In France, any knife of any blade length with a fixed blade, or a folding blade with a locking system, falls into unregulated Category D weapon (armes de catégorie D en vente libre). Unregulated category D weapons may be legally purchased if over 18 years of age, but they may not be carried on one's person, unless carried "for good reason", for example, as part of the tools of one's profession. If carried in a vehicle, such knives must be placed in a secure, locked compartment not accessible to the vehicle occupants. In addition, French law provides that authorities may classify any knife as a prohibited item depending upon circumstances and the discretion of the police or judicial authorities. Although "reasonable size" knives are tolerated in most circumstances, authorities may summarily confiscate them. Knives, whether they are fixed-blade or folding with a locking system, are also considered objects that can constitute a dangerous weapon for public safety, including types such as disguised knives, daggers, and knife-daggers.

Regarding sanctions, if an individual is found outside their residence, carrying or transporting a Category D weapon without a legitimate reason, they can incur a fine of up to €15,000 and a prison sentence of one year. If two or more individuals commit the offense, the fine can reach €30,000 with a prison sentence of two years.

== Germany ==

German knife law establishes three categories of knives: 1) prohibited knives; 2) knives designated as cutting and thrusting weapons; and 3) other knives. Some knives are additionally classified as restricted-use, in that they may be possessed in the home or business but not carried on the person. In addition, paragraph 42 section 5 of the Weapons Act gives each German state the option in certain areas to enact local regulations prohibiting the carrying of weapons "and any dangerous objects" in so-called "weapons ban" areas for purposes of protecting public safety and order. "Weapons ban" areas have been enacted in Berlin and Hamburg.

=== Cutting and thrusting weapons ===

Knives designated as cutting and thrusting weapons, but not otherwise specifically prohibited, may be possessed by persons 18 years and older. German law defines a cutting and thrusting weapon as any object intended to reduce or eliminate the ability of a person to attack another person or to defend themselves. This includes swords, sabers, daggers, stilettos, and bayonets. For example, a bayonet is a military weapon intended to injure or kill people, and it is regarded as a weapon by criminal law. In contrast, a machete is regarded as a tool to clear dense vegetation. Knives classed as cutting and thrusting weapons are generally restricted to possession and use on private property, and may not be carried in public or at certain public events.

=== Restricted-use knives ===

All knives that are not illegal may be legally purchased, owned, and used by anyone on private property. However, some knives are restricted from being carried in public, which is defined as exercising actual control of a restricted-class knife outside the home, business, or private property.
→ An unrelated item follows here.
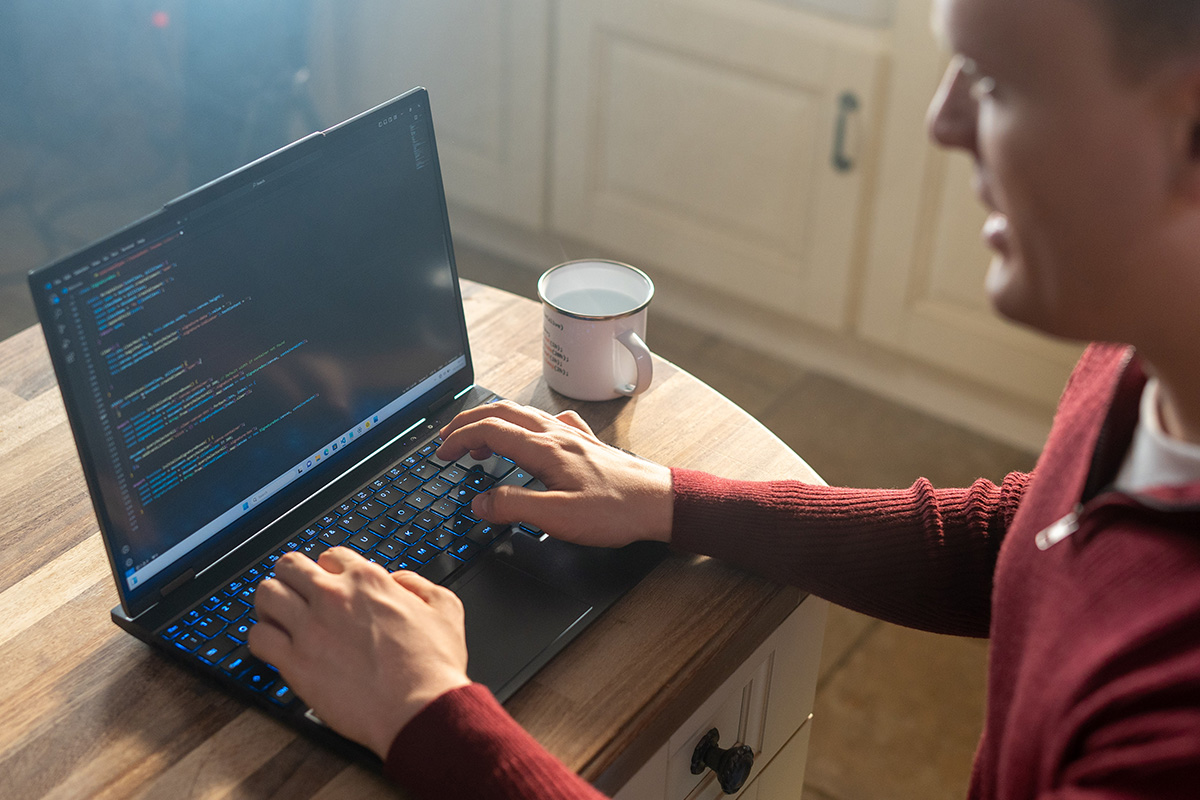 A Developer is working using a PCSpecialist laptop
- All cutting and thrusting weapons such as daggers, swords, or stilettos (see above).
- All folding knives with a one-handed opening mechanism and can be locked with only one hand (whether automatic, assisted-opening, or manual). A knife with only one of these two features may be legal to carry (provided it does not violate the principles below and above).
- All knives with fixed blades over 12.0 cm

Restricted-use knives may be carried if transported in a locked, sealed container, or if there is a commonly accepted legitimate purpose for carrying them, such as participation in a historical reenactment, sporting use (e.g., hunting), or as a necessary tool in a trade or business. The desire to defend oneself, or to use the knife as a tool without proof of necessity, is ordinarily not considered a legitimate purpose under the law.

== Greece ==

It is illegal to carry a knife as a weapon in attack or defense. The only general restriction is intended use, not the knife's properties (in particular, there is no restriction on blade length, despite popular belief). However, in practice there will be significant leeway for interpretation for police officers and judges – and much will depend on whether an intended use other than as a weapon can be argued – for which the properties of the knife in question will be very relevant (bad: flick-knife, automated, long blade, neck-knife, tactical). So, carrying a knife with its primary use as a weapon will be illegal. In addition, knives may not be carried in certain places, such as courtrooms, football matches, etc. Carrying knives is generally very unusual in towns, but not in the countryside.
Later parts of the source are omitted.